## WHAT IS BEING ASKED
Restate, word for word, the lines from the opening line of the data through the line containing "A rescued chimpanzee", both included, and nothing else.

(EXTRACTED MATERIAL begins)

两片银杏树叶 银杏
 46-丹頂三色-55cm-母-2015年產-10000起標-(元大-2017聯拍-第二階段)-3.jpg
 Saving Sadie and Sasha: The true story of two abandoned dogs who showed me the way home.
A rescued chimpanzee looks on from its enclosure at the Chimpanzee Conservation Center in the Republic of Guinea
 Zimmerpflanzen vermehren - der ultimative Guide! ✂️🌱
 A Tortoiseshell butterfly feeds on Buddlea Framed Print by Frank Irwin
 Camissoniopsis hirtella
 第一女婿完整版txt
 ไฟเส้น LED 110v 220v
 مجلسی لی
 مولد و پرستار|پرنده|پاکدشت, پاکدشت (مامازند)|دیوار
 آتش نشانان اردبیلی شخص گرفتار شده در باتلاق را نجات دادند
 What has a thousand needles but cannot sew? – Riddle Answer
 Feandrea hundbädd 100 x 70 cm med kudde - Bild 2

(EXTRACTED MATERIAL ends)

## ANSWER SECTION
两片银杏树叶 银杏
 46-丹頂三色-55cm-母-2015年產-10000起標-(元大-2017聯拍-第二階段)-3.jpg
 Saving Sadie and Sasha: The true story of two abandoned dogs who showed me the way home.
A rescued chimpanzee looks on from its enclosure at the Chimpanzee Conservation Center in the Republic of Guinea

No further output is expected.